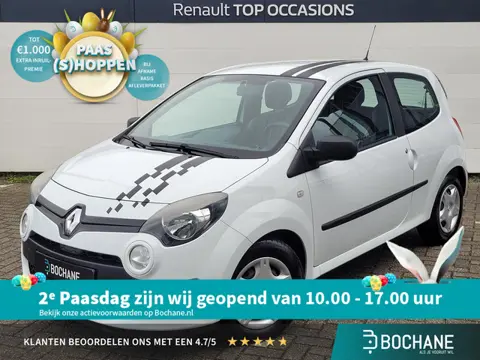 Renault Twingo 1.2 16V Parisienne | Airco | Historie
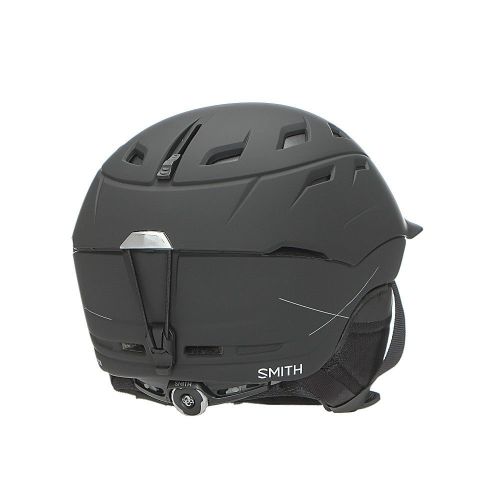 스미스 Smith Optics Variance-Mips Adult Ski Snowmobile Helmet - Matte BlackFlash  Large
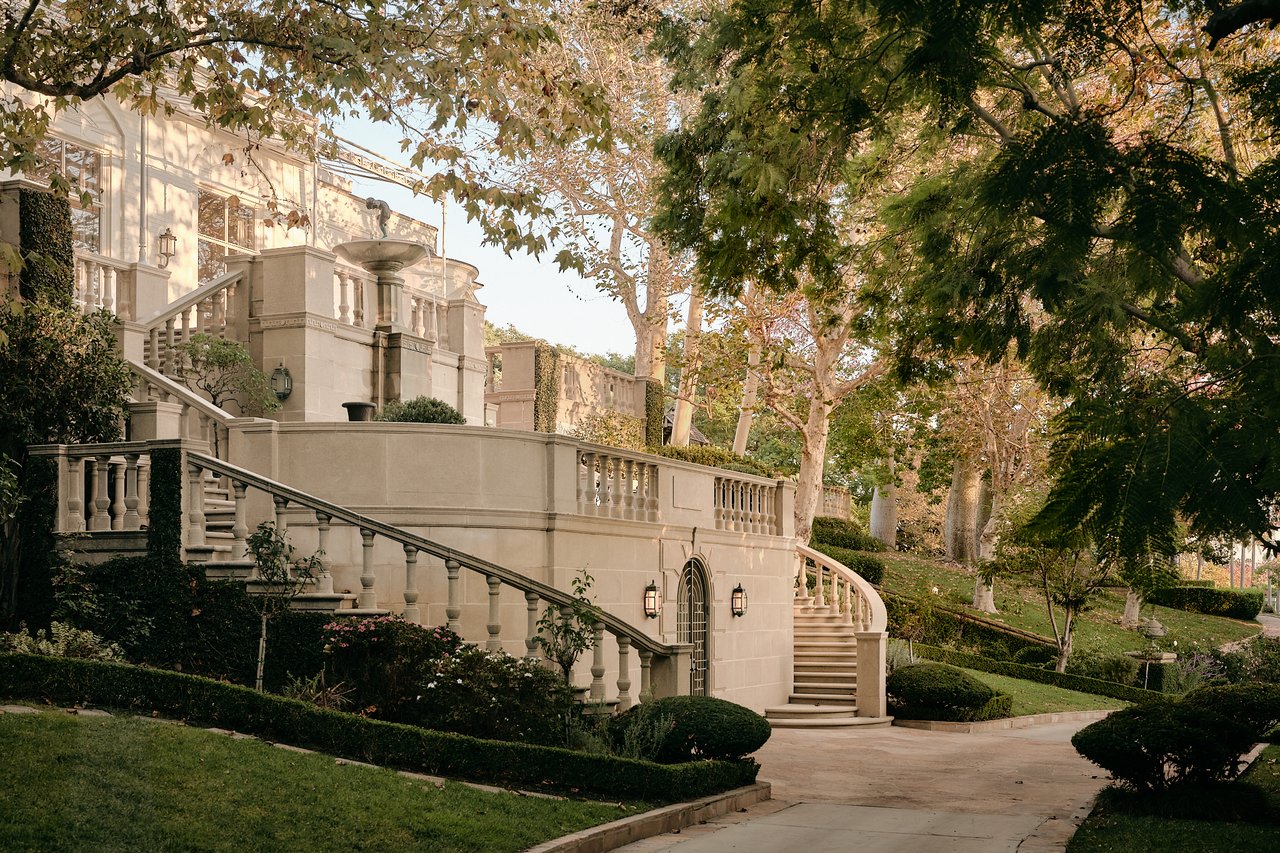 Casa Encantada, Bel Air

Exercise. Set down all the material exactly once more. No pictures.

Exercise result.
 Renault Twingo 1.2 16V Parisienne | Airco | Historie
 스미스 Smith Optics Variance-Mips Adult Ski Snowmobile Helmet - Matte BlackFlash  Large
 Casa Encantada, Bel Air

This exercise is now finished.